In most cases, the selfie is an act of conformism, of complying with predefined norms that we more or less willingly subject ourselves to. Scientifically, this can be labeled as “subjectivization”. This, according to Schär, is our common fate: “No one can escape from subjectivization. We all follow socially predefined patterns.” We have to, in order to be recognizable, says Schär. Put differently, we have to submit to certain social patterns, we have to adapt to fit the mold, in order to be recognized and accepted by those around us.

This is a big challenge, especially for young people, explains Clarissa Schär: “They have to deal with the physical changes, find an apprenticeship, a place within their peer group and within society.” Partly due to social media, a person’s outer appearance plays a much more significant role in this than it used to: “The neo-liberal diktat of self-optimization has a firm grip on us.” What’s desired is a fit, standardized body, perhaps with a six pack or duck face.

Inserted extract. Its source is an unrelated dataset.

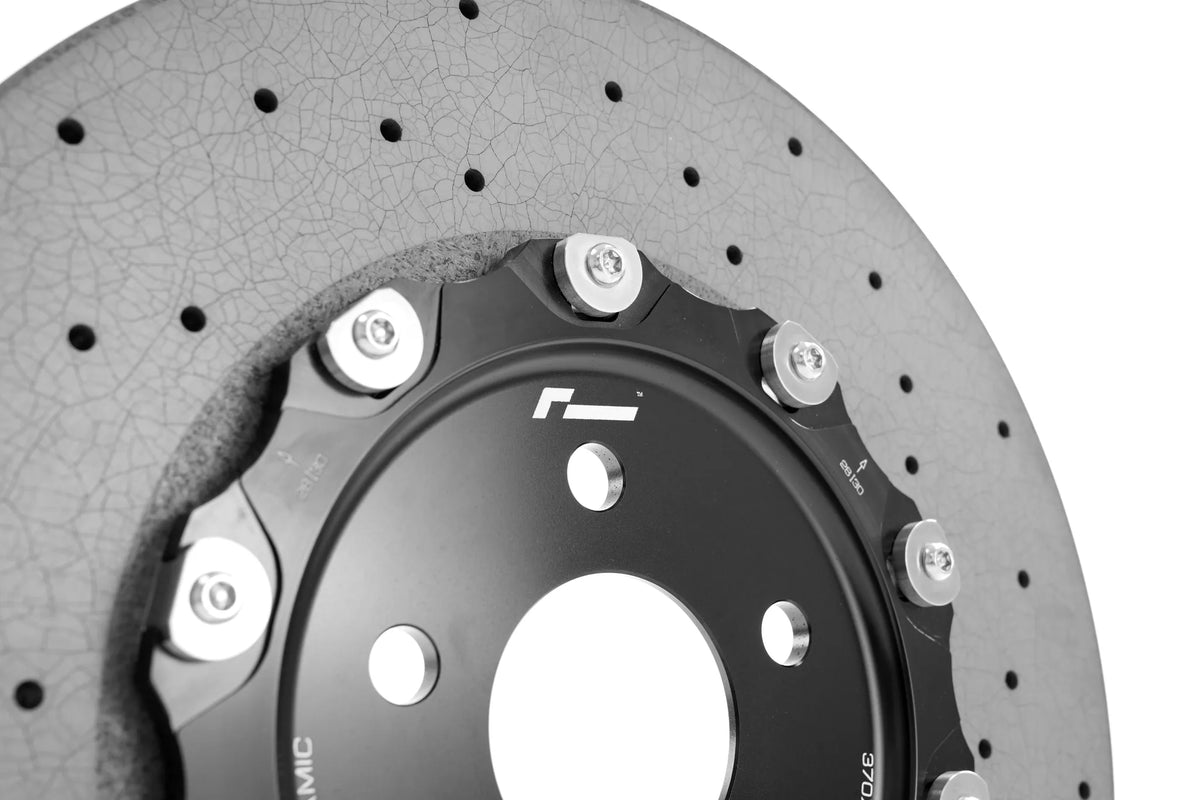 Close-up of the RacingLine aluminium bell on the carbon ceramic disc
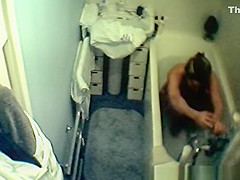 Wife spied in bathtub relaxing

But that can also go wrong, as in the case of the duck face, a self portrait with pursed lips, intended to come across as sexy and sensual. This is now generally seen as a failed attempt to appear erotic, says Schär.

 

Societal straitjacket

To be guided by ideals which most people don’t conform to – that sounds rigid and constricting. Our self in the straitjacket of societal norms – and not just in real life, but also in the supposedly limitless expanses of the World Wide Web. But, says Schär, selfies are also an act of imagination. Now that sounds encouraging: Is there still hope, after all, for something akin to expression of individuality via self-portrait?

According to Schär, the act of imagination lies in the opportunity to present a side of ourselves that we can, but don’t have to, embody. “The selfie enables us to create a ‘possibility space’, to construct a biographical narrative about ourselves.”

So, what’s this possibility space all about? Schär cites the example of a teenage girl who was less stressed for once and therefore was also free of acne. She photographed herself, without filter, thereby capturing that happy moment for herself. Look, that’s what I can be like, was her message – to herself and to everyone she knew. And then there was the teenager with scoliosis, curvature of the spine, for whom the photo showing her with a straight, upright posture was particularly important. Look, that’s what I can be like! So, selfies can certainly help us re-imagine ourselves in a positive way. This reinforces our self-esteem.

 

Deleting images

The broadcast self-portrait serves to affirm our sense of self in the resonance chamber of social media. Has my new profile picture been well received? The more likes the better. Likes mainly serve as “friendship validation”, says Schär. If there are no reactions, the communication has failed. The relevant image is then quickly deleted again as a rule. Conversely, Clarissa Schär tells of a teenager who no longer likes one of her selfies – but doesn’t delete it because it got so many likes. Other people’s reactions dictate what is good, and we adapt our behavior and our outfit accordingly.

Much of what was once beautiful and good is cast aside again. This applies to the hairstyles and clothes of the influencers and it applies to the photos of ourselves, especially with young people. “Many delete older photos because they no longer correspond to the image they have of themselves,” explains Clarissa Schär.

In the same way as we work on our life scripts, which can rapidly change with young people, we also fashion the image of ourselves that we show to the world. But is the image that appears as a selfie on social media really a reflection of our self?